» **WHAT THIS TASK INVOLVES**:
Below is a listing. Quote from it, exactly, the lines from the one containing "11, UPAVON DRIVE, READING, RG1" down to the one containing "Alegria Belle MaryJane", both ends included, and nothing else.

» **PROVIDED DATA**:
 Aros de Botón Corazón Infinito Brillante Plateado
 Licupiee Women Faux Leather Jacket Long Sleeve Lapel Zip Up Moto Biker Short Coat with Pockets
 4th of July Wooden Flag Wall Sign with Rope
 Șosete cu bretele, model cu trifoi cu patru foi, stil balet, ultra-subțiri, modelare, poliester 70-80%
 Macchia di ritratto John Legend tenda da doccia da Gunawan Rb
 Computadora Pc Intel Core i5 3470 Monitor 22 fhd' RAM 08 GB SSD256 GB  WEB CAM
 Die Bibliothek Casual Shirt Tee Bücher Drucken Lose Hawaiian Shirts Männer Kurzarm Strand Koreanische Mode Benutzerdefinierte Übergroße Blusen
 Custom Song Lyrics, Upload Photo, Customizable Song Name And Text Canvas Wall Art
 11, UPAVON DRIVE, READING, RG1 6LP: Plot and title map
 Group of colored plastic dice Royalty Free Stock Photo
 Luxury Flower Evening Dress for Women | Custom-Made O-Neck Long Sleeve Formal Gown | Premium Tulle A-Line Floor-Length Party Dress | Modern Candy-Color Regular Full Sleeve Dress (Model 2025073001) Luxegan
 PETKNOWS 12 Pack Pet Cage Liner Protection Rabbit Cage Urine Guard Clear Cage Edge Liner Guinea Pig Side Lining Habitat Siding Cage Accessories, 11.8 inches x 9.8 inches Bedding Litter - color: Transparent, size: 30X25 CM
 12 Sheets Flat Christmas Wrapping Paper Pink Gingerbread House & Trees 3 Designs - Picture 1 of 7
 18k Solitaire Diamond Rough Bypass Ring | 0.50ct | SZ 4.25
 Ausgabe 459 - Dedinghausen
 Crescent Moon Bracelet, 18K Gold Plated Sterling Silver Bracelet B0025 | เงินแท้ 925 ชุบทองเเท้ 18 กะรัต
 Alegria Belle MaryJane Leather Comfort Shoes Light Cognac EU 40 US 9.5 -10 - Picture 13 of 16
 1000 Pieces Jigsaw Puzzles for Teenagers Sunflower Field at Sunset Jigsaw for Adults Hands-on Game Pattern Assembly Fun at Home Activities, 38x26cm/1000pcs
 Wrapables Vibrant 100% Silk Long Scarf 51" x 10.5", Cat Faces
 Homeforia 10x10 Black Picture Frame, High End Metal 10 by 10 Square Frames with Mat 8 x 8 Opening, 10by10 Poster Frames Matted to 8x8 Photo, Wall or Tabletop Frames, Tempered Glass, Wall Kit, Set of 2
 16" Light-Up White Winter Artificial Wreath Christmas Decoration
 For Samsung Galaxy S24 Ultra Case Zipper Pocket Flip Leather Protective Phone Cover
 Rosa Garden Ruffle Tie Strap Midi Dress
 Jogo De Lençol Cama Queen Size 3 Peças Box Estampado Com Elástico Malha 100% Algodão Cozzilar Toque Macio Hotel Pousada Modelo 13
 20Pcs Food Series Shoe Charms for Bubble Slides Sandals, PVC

» **YOUR RESPONSE**:
 11, UPAVON DRIVE, READING, RG1 6LP: Plot and title map
 Group of colored plastic dice Royalty Free Stock Photo
 Luxury Flower Evening Dress for Women | Custom-Made O-Neck Long Sleeve Formal Gown | Premium Tulle A-Line Floor-Length Party Dress | Modern Candy-Color Regular Full Sleeve Dress (Model 2025073001) Luxegan
 PETKNOWS 12 Pack Pet Cage Liner Protection Rabbit Cage Urine Guard Clear Cage Edge Liner Guinea Pig Side Lining Habitat Siding Cage Accessories, 11.8 inches x 9.8 inches Bedding Litter - color: Transparent, size: 30X25 CM
 12 Sheets Flat Christmas Wrapping Paper Pink Gingerbread House & Trees 3 Designs - Picture 1 of 7
 18k Solitaire Diamond Rough Bypass Ring | 0.50ct | SZ 4.25
 Ausgabe 459 - Dedinghausen
 Crescent Moon Bracelet, 18K Gold Plated Sterling Silver Bracelet B0025 | เงินแท้ 925 ชุบทองเเท้ 18 กะรัต
 Alegria Belle MaryJane Leather Comfort Shoes Light Cognac EU 40 US 9.5 -10 - Picture 13 of 16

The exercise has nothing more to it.